Collected data
▬▬▬
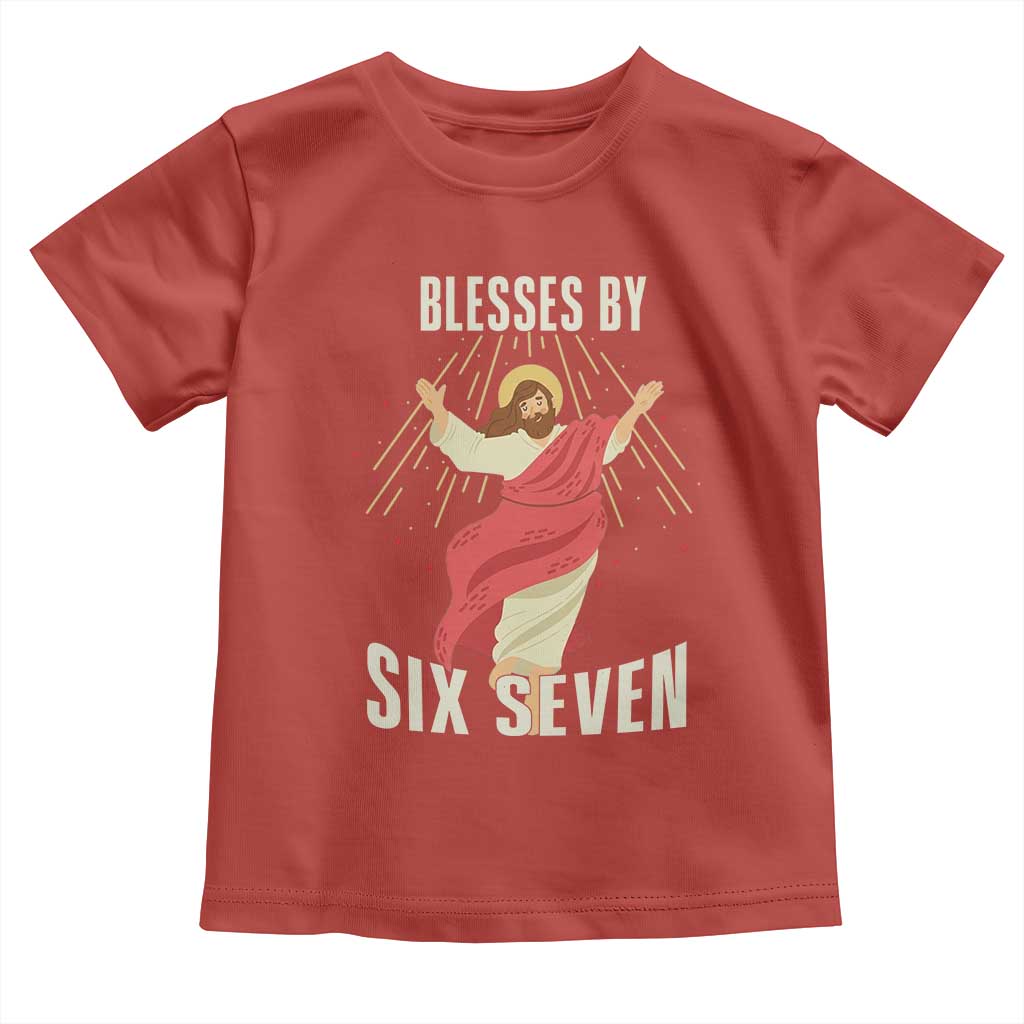 Christian 67 Meme Toddler T Shirt Blesses By Six Seven Funny TS14 Red Print Your Wear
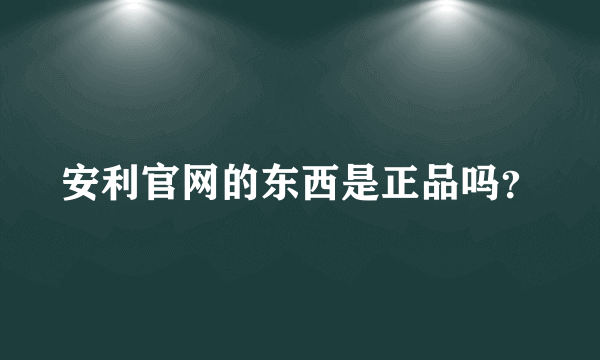 安利官网的东西是正品吗？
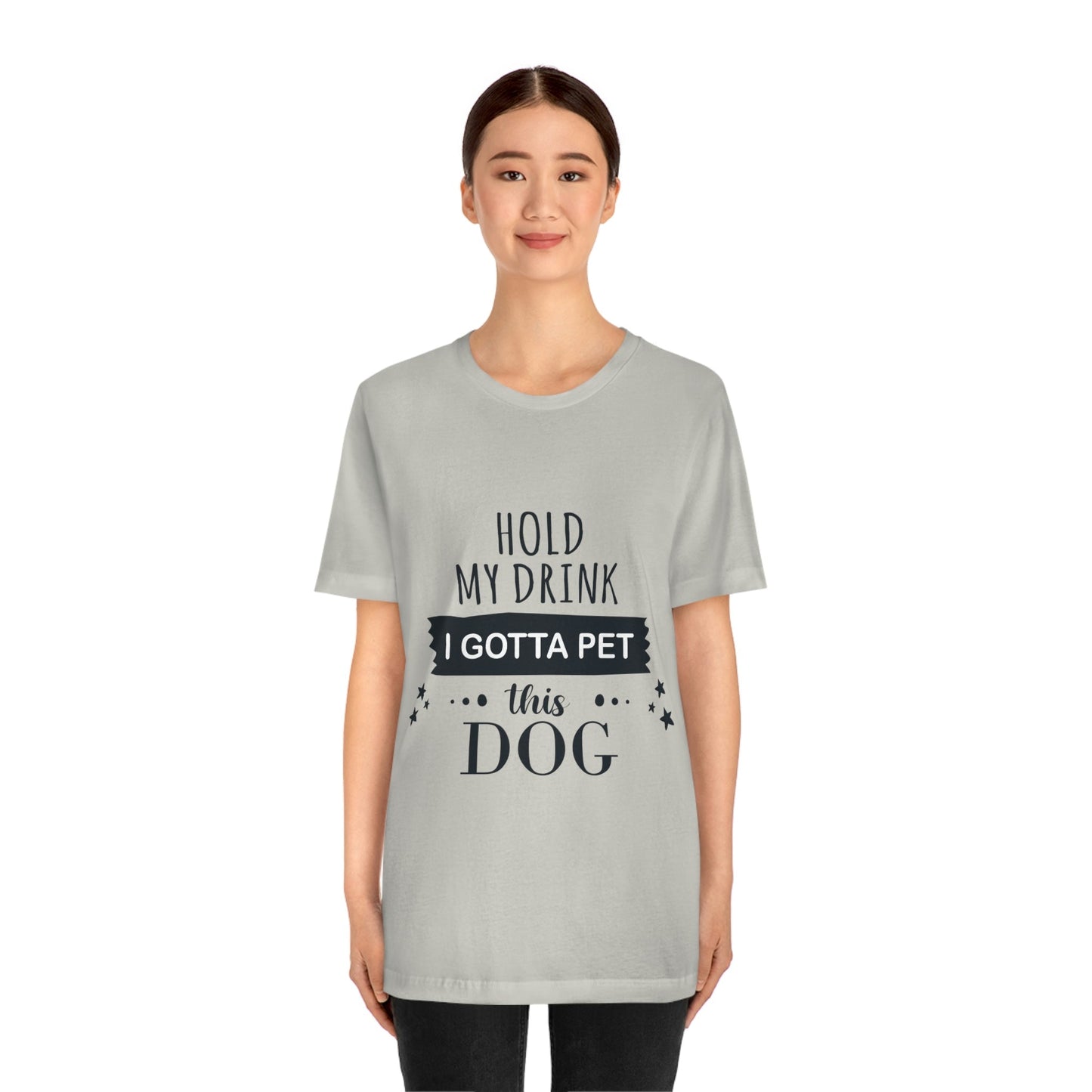 Hold My Drink I Gotta Pet Dog Unisex Jersey Short Sleeve T-Shirt Ichaku [Perfect Gifts Selection]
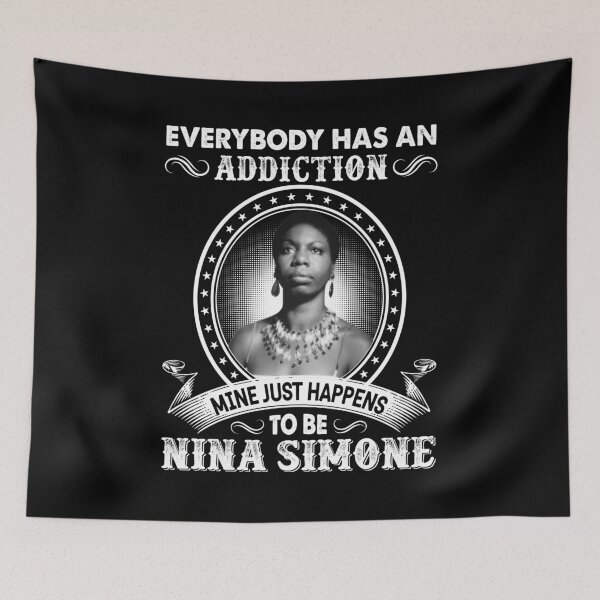 Item preview, Everybody Has An Addiction Mine Just Happens To Be Nina Simone designed and sold by hallholly.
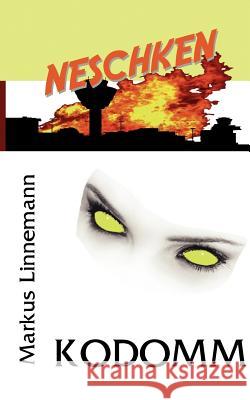 Kodomm: Neschken Linnemann, Markus 9783842366633 Books on Demand - książka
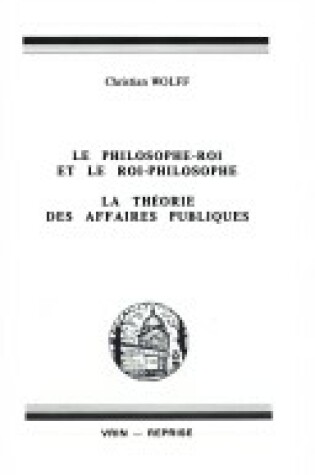 Cover of Christian Wolff: Le Philosophe-Roi Et Le Roi-Philosophe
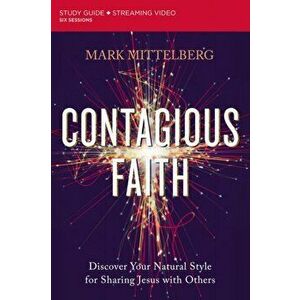 Contagious Faith Study Guide plus Streaming Video. Discover Your Natural Style for Sharing Jesus with Others, Paperback - Mark Mittelberg imagine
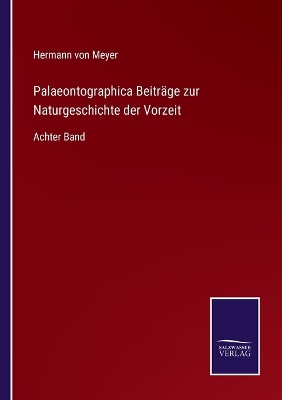 Book cover for Palaeontographica Beiträge zur Naturgeschichte der Vorzeit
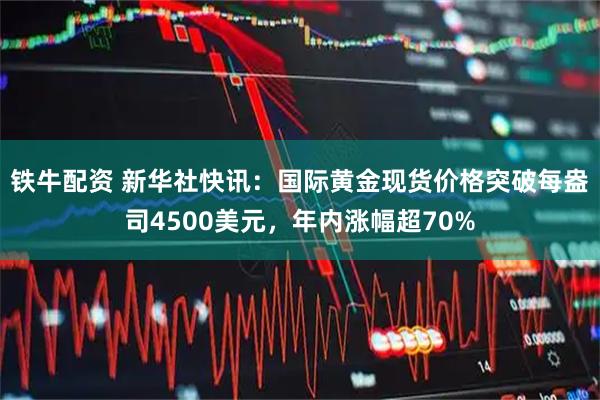 铁牛配资 新华社快讯：国际黄金现货价格突破每盎司4500美元，年内涨幅超70%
▬▬▬
Problem details
From the data above, return only the lines starting at the line that holds "Item preview, Everybody" and ending at the line that holds "Cover of Christian", word for word and without pictures.

Response below
 Item preview, Everybody Has An Addiction Mine Just Happens To Be Nina Simone designed and sold by hallholly.
 Kodomm: Neschken Linnemann, Markus 9783842366633 Books on Demand - książka
 Cover of Christian Wolff: Le Philosophe-Roi Et Le Roi-Philosophe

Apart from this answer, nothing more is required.